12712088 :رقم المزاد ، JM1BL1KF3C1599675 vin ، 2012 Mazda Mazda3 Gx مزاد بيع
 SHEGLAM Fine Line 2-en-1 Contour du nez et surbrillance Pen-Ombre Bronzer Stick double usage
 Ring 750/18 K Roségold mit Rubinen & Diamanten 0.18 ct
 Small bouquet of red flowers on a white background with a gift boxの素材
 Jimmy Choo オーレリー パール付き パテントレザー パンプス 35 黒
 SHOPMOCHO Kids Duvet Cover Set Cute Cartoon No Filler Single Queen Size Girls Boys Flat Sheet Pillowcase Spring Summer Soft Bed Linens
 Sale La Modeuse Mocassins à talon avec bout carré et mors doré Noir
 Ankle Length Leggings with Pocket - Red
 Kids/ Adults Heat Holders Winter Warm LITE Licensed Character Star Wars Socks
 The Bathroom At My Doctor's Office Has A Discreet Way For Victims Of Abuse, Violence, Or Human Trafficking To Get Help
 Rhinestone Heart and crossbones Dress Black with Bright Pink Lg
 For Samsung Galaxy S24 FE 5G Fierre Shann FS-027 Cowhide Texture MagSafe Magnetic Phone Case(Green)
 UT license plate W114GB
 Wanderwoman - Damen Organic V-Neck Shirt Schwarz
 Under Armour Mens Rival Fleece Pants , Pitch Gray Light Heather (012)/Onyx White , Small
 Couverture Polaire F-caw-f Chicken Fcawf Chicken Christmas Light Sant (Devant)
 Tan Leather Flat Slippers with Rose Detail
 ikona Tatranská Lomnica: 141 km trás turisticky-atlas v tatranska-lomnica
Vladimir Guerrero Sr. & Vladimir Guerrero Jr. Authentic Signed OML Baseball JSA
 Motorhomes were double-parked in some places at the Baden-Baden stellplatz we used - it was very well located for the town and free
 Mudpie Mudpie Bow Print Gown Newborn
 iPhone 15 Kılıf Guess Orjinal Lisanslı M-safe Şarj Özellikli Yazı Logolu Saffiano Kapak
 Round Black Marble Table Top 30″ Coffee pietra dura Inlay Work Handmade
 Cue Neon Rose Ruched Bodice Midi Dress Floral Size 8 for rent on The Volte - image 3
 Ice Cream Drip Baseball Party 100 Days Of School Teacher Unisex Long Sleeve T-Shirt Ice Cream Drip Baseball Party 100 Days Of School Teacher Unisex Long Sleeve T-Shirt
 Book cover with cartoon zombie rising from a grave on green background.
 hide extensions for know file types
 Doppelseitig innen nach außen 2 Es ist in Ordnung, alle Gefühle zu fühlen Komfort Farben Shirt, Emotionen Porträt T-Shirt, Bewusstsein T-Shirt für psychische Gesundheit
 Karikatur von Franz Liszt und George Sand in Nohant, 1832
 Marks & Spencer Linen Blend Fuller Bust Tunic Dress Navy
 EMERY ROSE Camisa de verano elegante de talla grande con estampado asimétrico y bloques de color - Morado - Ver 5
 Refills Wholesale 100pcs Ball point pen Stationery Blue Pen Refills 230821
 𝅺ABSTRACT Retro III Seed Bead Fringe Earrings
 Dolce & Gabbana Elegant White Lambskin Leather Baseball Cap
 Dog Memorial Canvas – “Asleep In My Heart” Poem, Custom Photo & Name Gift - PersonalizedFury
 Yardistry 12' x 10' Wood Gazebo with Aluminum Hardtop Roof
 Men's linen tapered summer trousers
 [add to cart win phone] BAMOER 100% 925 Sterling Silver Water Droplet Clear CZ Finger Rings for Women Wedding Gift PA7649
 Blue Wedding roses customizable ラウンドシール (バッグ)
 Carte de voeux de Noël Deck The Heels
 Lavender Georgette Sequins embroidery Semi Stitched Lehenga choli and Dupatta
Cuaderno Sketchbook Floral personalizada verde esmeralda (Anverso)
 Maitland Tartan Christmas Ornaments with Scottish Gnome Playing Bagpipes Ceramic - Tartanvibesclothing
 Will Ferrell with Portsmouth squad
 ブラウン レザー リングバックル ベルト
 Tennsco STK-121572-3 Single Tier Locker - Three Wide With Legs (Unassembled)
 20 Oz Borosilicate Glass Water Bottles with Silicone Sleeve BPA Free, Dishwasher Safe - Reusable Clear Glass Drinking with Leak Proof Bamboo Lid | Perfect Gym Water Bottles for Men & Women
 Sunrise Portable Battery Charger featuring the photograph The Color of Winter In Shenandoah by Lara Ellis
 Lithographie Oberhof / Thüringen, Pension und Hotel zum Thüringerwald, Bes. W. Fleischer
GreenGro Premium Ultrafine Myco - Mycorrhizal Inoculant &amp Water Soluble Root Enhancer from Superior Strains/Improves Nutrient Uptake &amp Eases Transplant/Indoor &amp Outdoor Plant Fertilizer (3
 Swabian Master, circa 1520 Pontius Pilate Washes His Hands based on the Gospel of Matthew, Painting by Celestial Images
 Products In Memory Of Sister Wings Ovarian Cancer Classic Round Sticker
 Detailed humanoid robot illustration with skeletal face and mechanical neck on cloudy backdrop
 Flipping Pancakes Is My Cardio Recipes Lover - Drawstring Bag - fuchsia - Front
═══
Description of the task = Set each line down exactly, beginning at the one containing "Cuaderno Sketchbook Floral" and ending at the last line of the material above.

Response =
Cuaderno Sketchbook Floral personalizada verde esmeralda (Anverso)
 Maitland Tartan Christmas Ornaments with Scottish Gnome Playing Bagpipes Ceramic - Tartanvibesclothing
 Will Ferrell with Portsmouth squad
 ブラウン レザー リングバックル ベルト
 Tennsco STK-121572-3 Single Tier Locker - Three Wide With Legs (Unassembled)
 20 Oz Borosilicate Glass Water Bottles with Silicone Sleeve BPA Free, Dishwasher Safe - Reusable Clear Glass Drinking with Leak Proof Bamboo Lid | Perfect Gym Water Bottles for Men & Women
 Sunrise Portable Battery Charger featuring the photograph The Color of Winter In Shenandoah by Lara Ellis
 Lithographie Oberhof / Thüringen, Pension und Hotel zum Thüringerwald, Bes. W. Fleischer
GreenGro Premium Ultrafine Myco - Mycorrhizal Inoculant &amp Water Soluble Root Enhancer from Superior Strains/Improves Nutrient Uptake &amp Eases Transplant/Indoor &amp Outdoor Plant Fertilizer (3
 Swabian Master, circa 1520 Pontius Pilate Washes His Hands based on the Gospel of Matthew, Painting by Celestial Images
 Products In Memory Of Sister Wings Ovarian Cancer Classic Round Sticker
 Detailed humanoid robot illustration with skeletal face and mechanical neck on cloudy backdrop
 Flipping Pancakes Is My Cardio Recipes Lover - Drawstring Bag - fuchsia - Front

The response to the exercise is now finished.